So, for this week I thought I would attempt to make a Fougasse Monegasque, which is effectively just a sweet kind of biscuit/bread flavoured with aniseed.
For this recipe you need to use fresh yeast, in the absence of finding any in my local supermarket I substituted with dry active yeast. However, the instructions on the packet and other instructions found on the world-wide wonderweb varied.
Seeing as you’d think the actual yeast packet would carry the correct instructions I followed that, cue for a complete disaster…
If you fancy having a go at making a Fougasse Monegasque, and doing a much better job than I, here is the recipe I used, from a website called marmiton.com.
I have lovingly translated the recipe and instructions from French to English… (OK, I didn’t, Google Translate did 😉 )
- 1 kg of wheat flour
- 15 cl of dry white wine
- 15 cl of oil (sunflower or peanut type – not olive)

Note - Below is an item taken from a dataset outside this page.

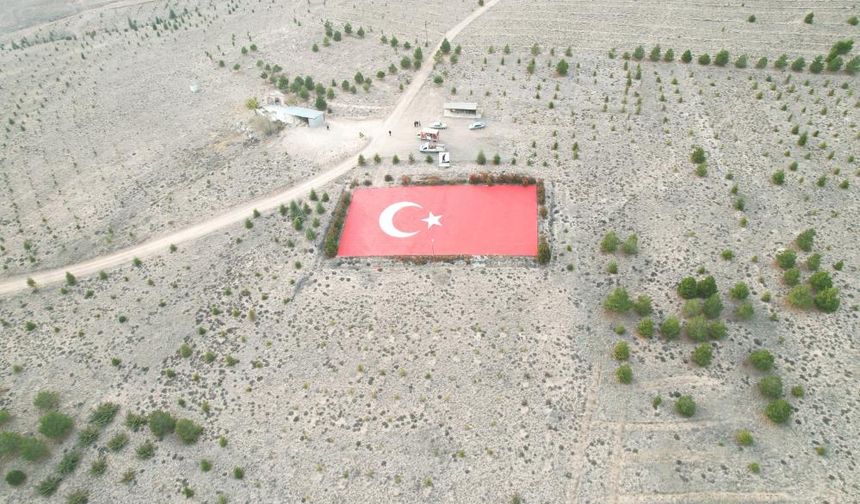 Türkiye'nin en büyük beton Türk bayrağı yeniden boyandı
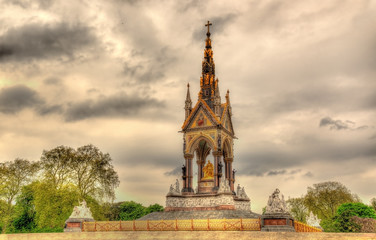 Fototapeta na wymiar The Albert Memorial in Kensington Gardens - London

- 15 cl of orange blossom water
- 150 g of butter
- 350 g caster sugar
- 20 g of baker’s yeast (fresh in cubes at the baker’s)
- 1 pinch of salt
- 1 tablespoon anise nature (I assume this means anise extract, or anise liqueur)
- 8 whole almonds
- 8 sugared almonds
- 1 teaspoon of red and white anise (not easy to find everywhere)
- Dissolve the yeast in a tablespoon of warm water. Make a small soft ball and put it in the middle of the flour. Let stand 15 minutes
- In a bowl put 1/2 glass of water; add the sugar, the softened butter, the oil, the wine, the grains of anise and a pinch of salt; let it come to room temperature
- Mix this liquid with the yeast ball in the middle of the flour, then knead the whole to obtain a fairly flexible mixture (almost like bread)
- Let rise for 24 hours, covering the dough with a clean cloth to keep it warm: it must double in volume (mine SO didn’t)
- The next day, spread pieces of dough 1 cm thick on oiled plates
- Garnish with red and white anise; add 3 or 4 almonds and 3 or 4 sugared almonds per dish
- Bake 20 to 25 minutes in preheated oven (190/200 ° C / Gas Mark 7). Watch the cooking to prevent the fougasses from burning!
- At the end of the oven, wet with orange blossom water (at your discretion)
- Powdered sugar can also be added for those with a sweet tooth
- Let it cool and eat
This biscuit is a specialty of the Principality of Monaco and is used mainly at Christmas time.
It is will keep well for about 1 week in aluminum paper or a tin (no plastic box) and also freezes very well.